Bernanke and Paulson explained the outlines of the AIG deal and why they had decided that allowing AIG to follow Lehman into bankruptcy was unwise. They emphasized how interconnected everything was. They didn’t seek the blessing of the congressional leaders, and none was offered. Instead, Harry Reid told them: We’ve listened, but don’t go out and tell people that we’ve approved this. This is your responsibility. Both Bernanke and Paulson acknowledged as much.

At one point, Barney Frank recalled, he asked Bernanke: “Do you have
$80 billion?” And Bernanke replied: “Well, we have $800 billion,” a reference to the value — then — of the Fed’s assets. “And that’s when many of us, for the first time, understood the full scope of this [“unusual and exigent circumstances”] statute.”

For many members of Congress, the Fed’s ability to come up with $85 billion overnight led to the realization that the Fed increasingly was acting like a fourth branch of government. Most politicians, indeed, most American citizens, had a vague idea that the Fed could move some interest rates up or down. But they had no idea that the Fed could — with the push of a button on a computer keyboard — create that much money from nothing and without seeking the approval of Congress or the president.

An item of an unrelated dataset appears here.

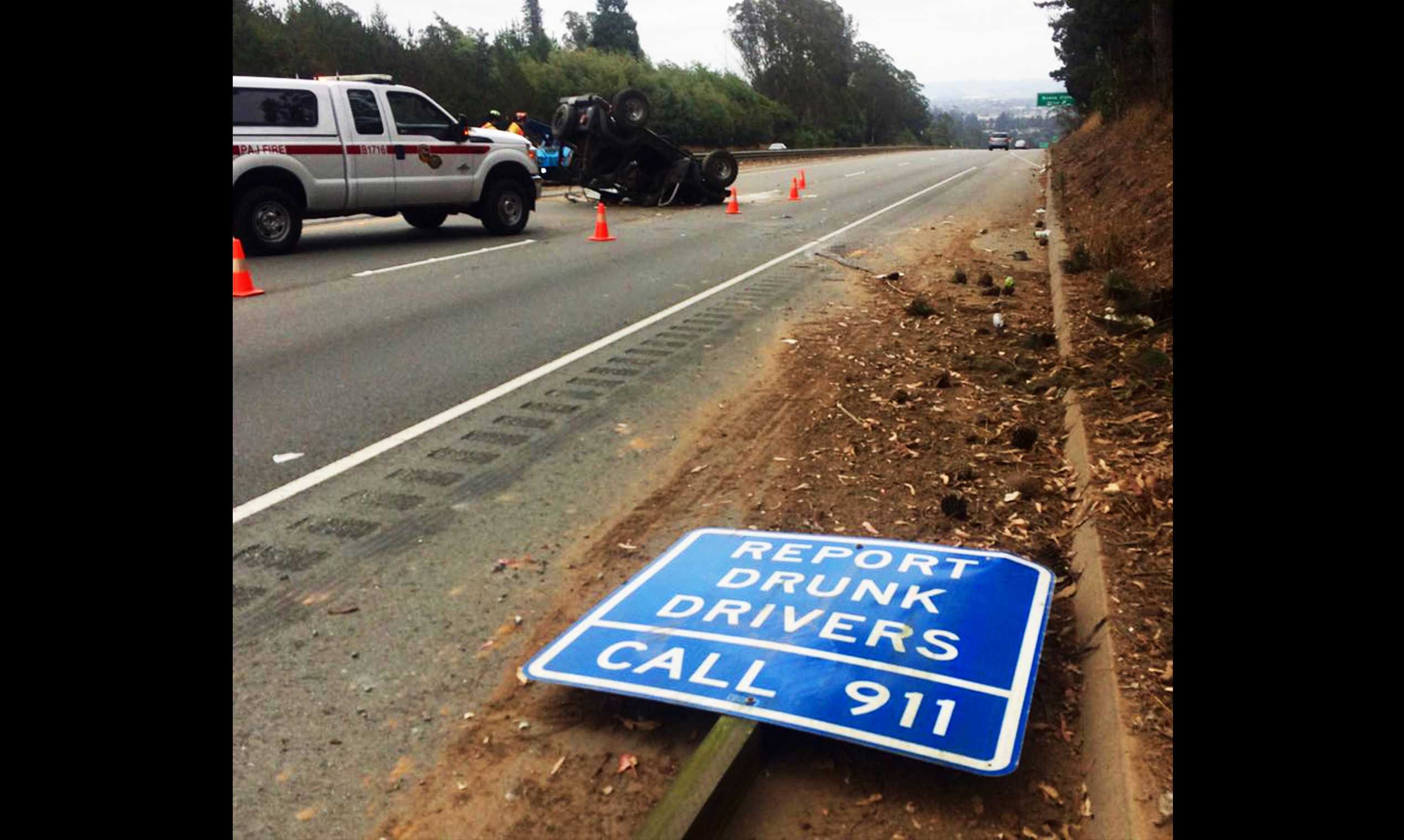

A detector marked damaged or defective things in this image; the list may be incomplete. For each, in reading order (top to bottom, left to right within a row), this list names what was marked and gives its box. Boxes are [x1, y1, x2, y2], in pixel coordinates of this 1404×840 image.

The meeting lasted nearly an hour. The members of Congress left one at a time, most ducking reporters waiting outside. Representative Spencer Bachus of Alabama, senior Republican on the House Financial Services Committee, offered a promise of unity: “We’re all in this mess together.”

Frank, the committee’s chairman, came out later and growled, with substantial accuracy: “We’ve had a series of ad hoc interventions. This is one more ad hoc intervention.”

Bernanke and Paulson rebuffed reporters. Bernanke went back to his office and called Geithner to settle last-minute details on the AIG deal. Around 10
P.M.
, after AIG had agreed to the terms, Bernanke convened a conference call to brief the Fed bank presidents, several of whom were disgruntled because they had been told so little even though they were in Washington while the AIG drama unfolded.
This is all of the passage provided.